[SOURCE DATA Boundary: Start]
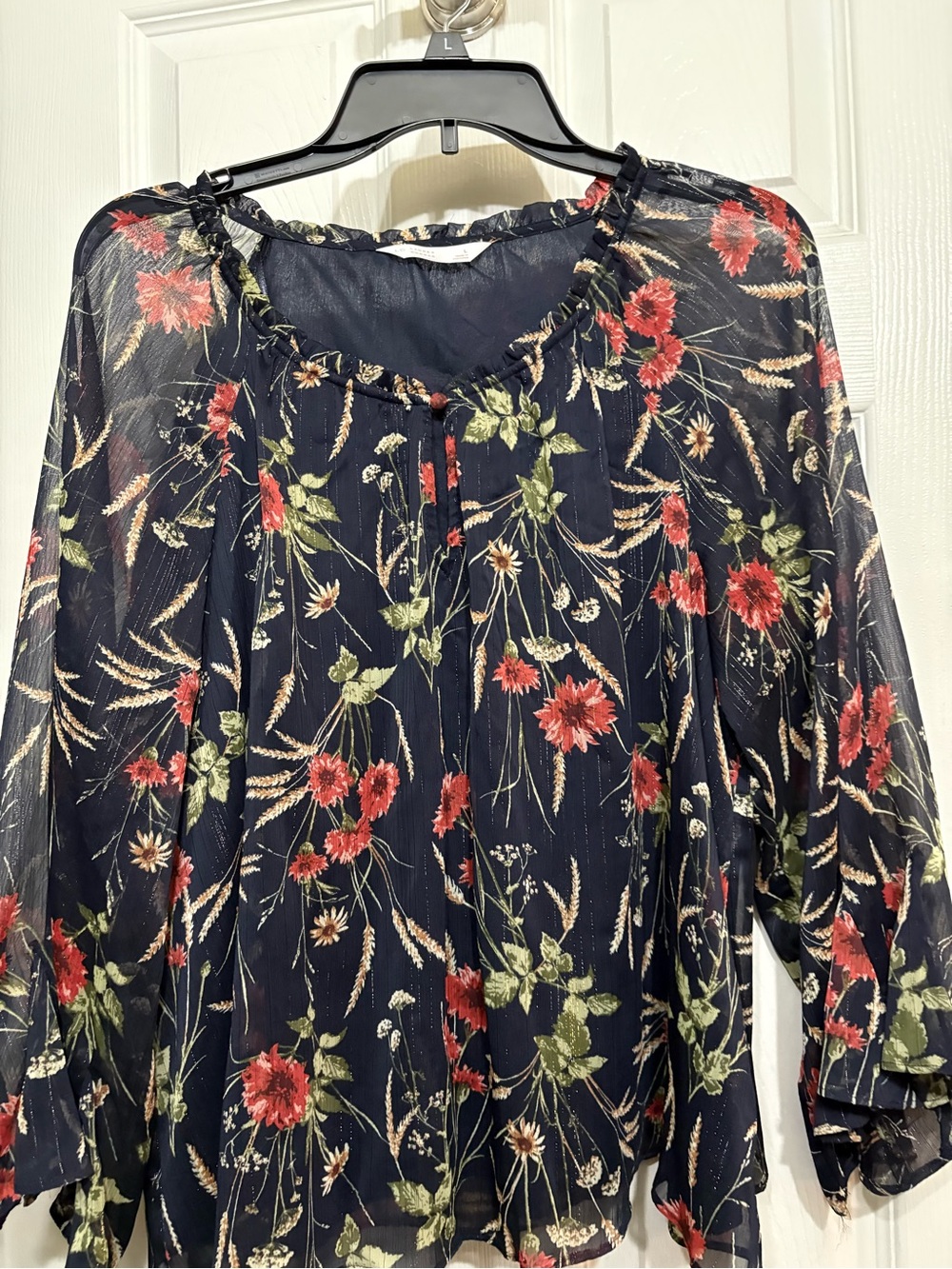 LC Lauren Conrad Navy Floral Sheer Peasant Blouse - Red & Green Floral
[SOURCE DATA Boundary: End]
[SOURCE DATA Boundary: Start]
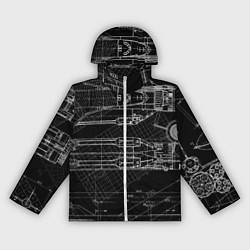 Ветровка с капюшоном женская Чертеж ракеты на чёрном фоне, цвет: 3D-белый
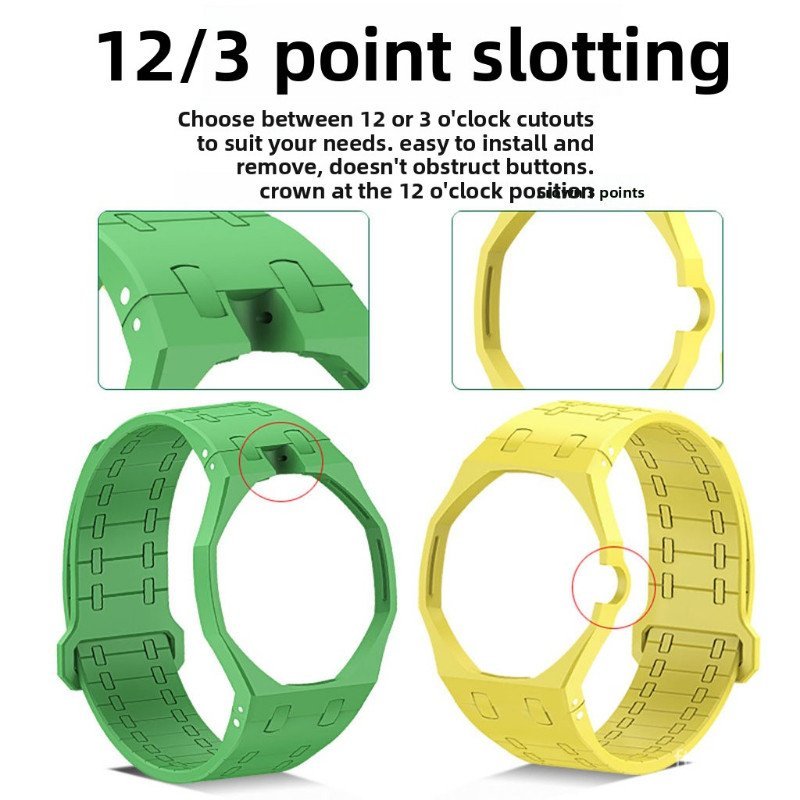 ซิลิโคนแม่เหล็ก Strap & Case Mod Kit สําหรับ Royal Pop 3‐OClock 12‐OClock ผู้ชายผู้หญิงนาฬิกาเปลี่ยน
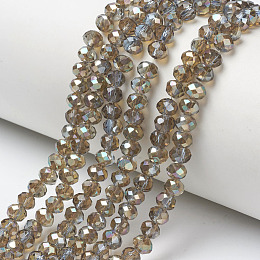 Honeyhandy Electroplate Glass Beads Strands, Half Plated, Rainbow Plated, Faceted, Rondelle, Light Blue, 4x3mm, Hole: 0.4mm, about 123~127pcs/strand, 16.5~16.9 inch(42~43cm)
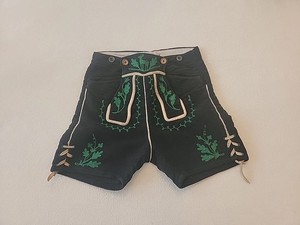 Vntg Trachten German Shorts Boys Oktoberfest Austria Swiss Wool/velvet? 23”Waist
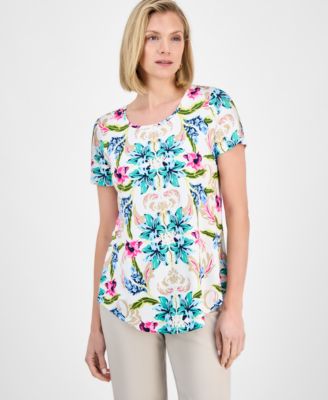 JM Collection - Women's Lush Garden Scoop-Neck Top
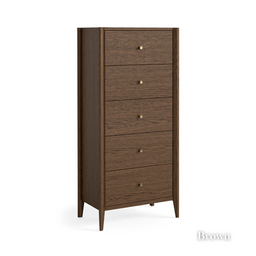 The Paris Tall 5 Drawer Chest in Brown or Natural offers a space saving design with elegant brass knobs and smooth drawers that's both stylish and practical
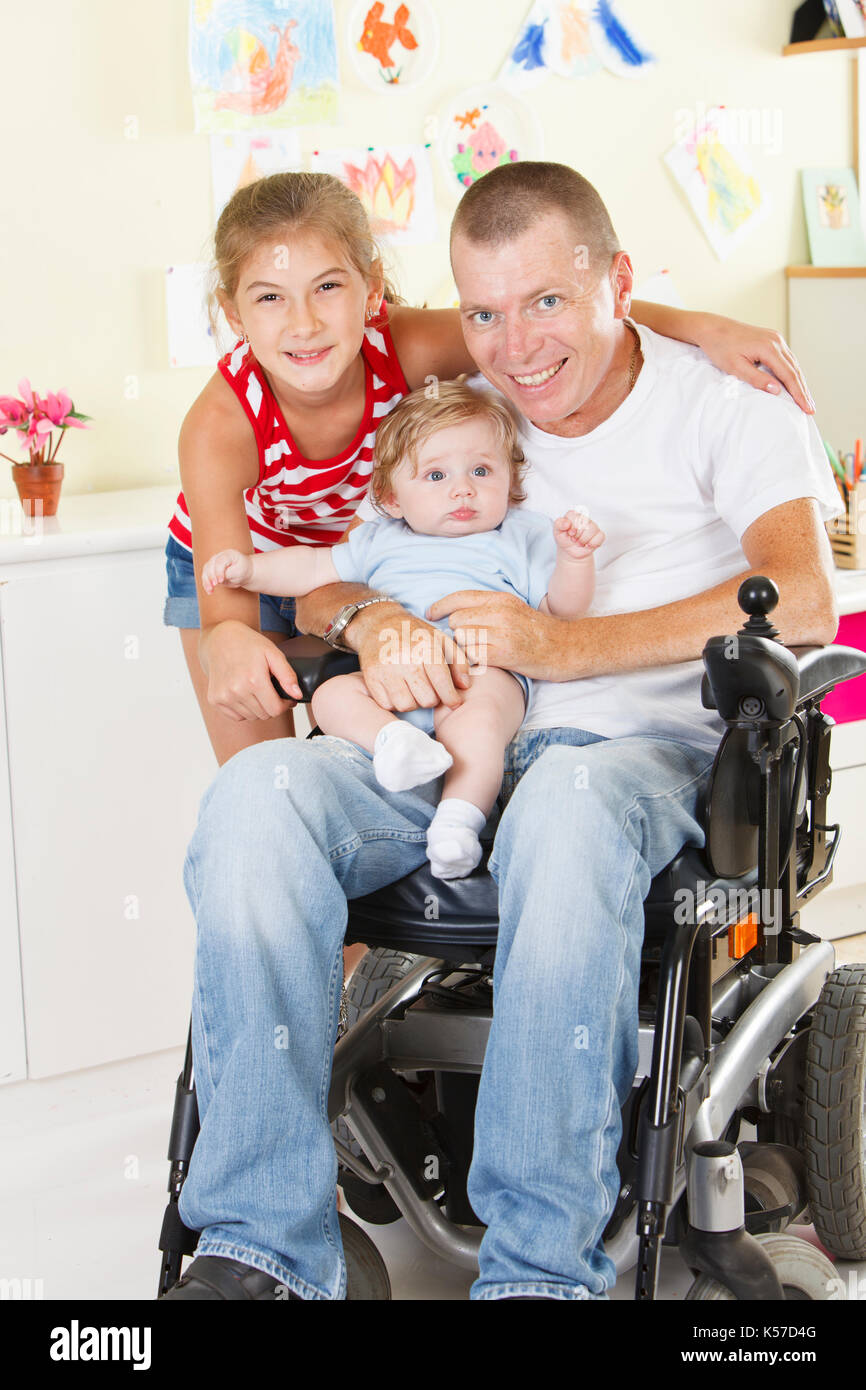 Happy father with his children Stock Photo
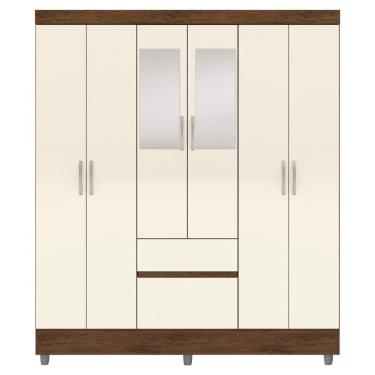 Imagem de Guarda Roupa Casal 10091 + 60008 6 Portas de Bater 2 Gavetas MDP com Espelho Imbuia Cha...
[SOURCE DATA Boundary: End]
[SOURCE DATA Boundary: Start]
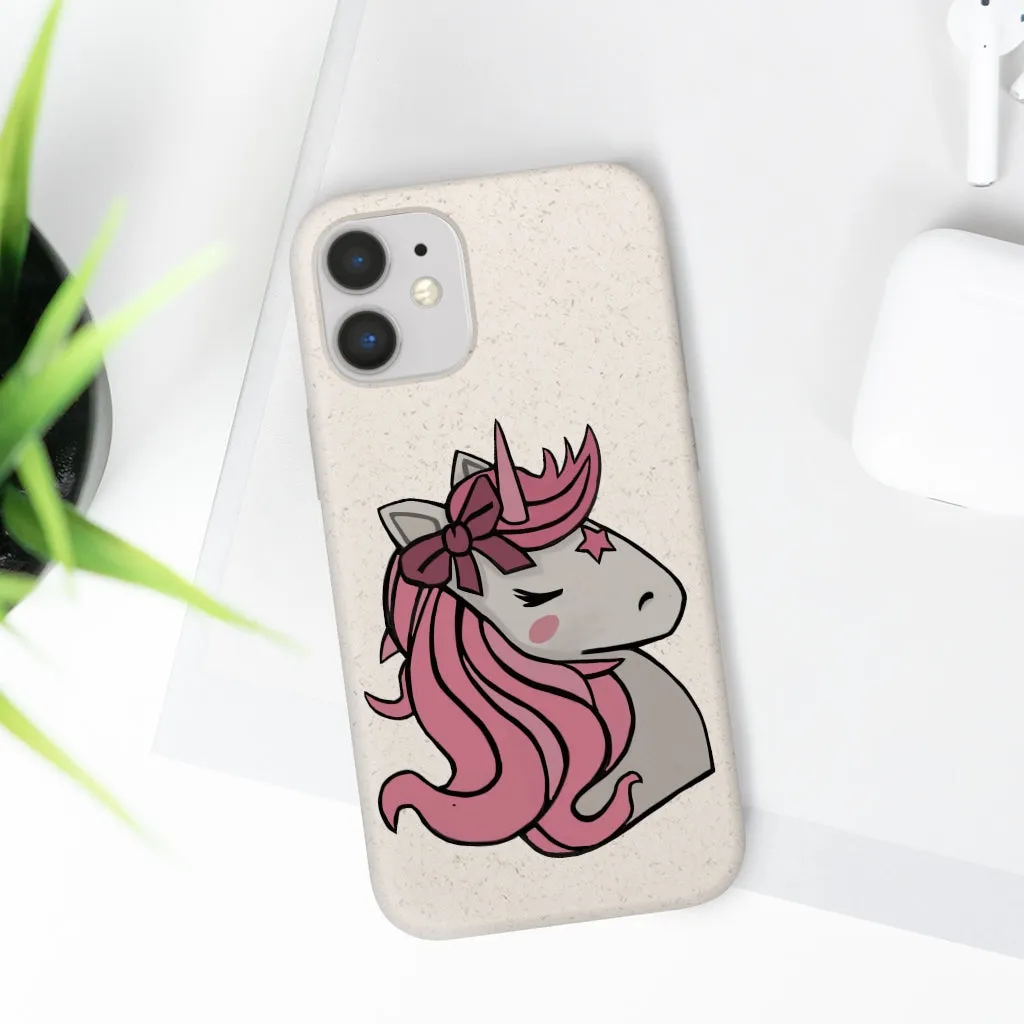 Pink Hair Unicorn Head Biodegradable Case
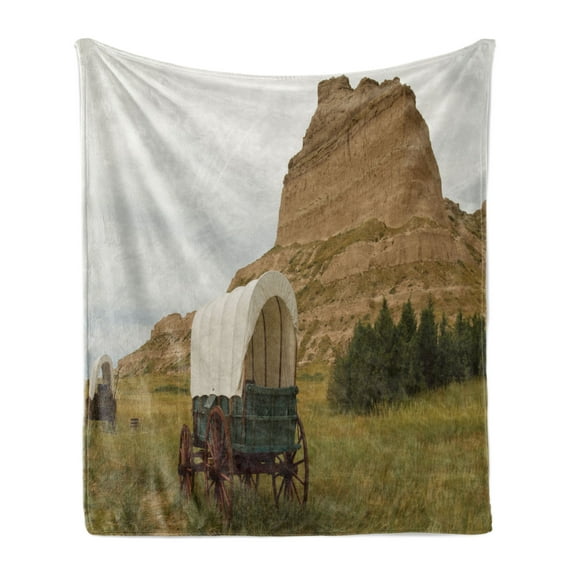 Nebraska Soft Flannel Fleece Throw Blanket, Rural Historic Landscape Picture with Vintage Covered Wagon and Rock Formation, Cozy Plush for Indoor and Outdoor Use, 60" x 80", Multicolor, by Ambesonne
[SOURCE DATA Boundary: End]
EXERCISE: Everything from the line above that contains "Honeyhandy Electroplate Glass" down to the line that contains "JM Collection - Women's" must be reproduced exactly, both ends included. Omit the pictures.

EXERCISE SOLUTION:
 Honeyhandy Electroplate Glass Beads Strands, Half Plated, Rainbow Plated, Faceted, Rondelle, Light Blue, 4x3mm, Hole: 0.4mm, about 123~127pcs/strand, 16.5~16.9 inch(42~43cm)
 Vntg Trachten German Shorts Boys Oktoberfest Austria Swiss Wool/velvet? 23”Waist
 JM Collection - Women's Lush Garden Scoop-Neck Top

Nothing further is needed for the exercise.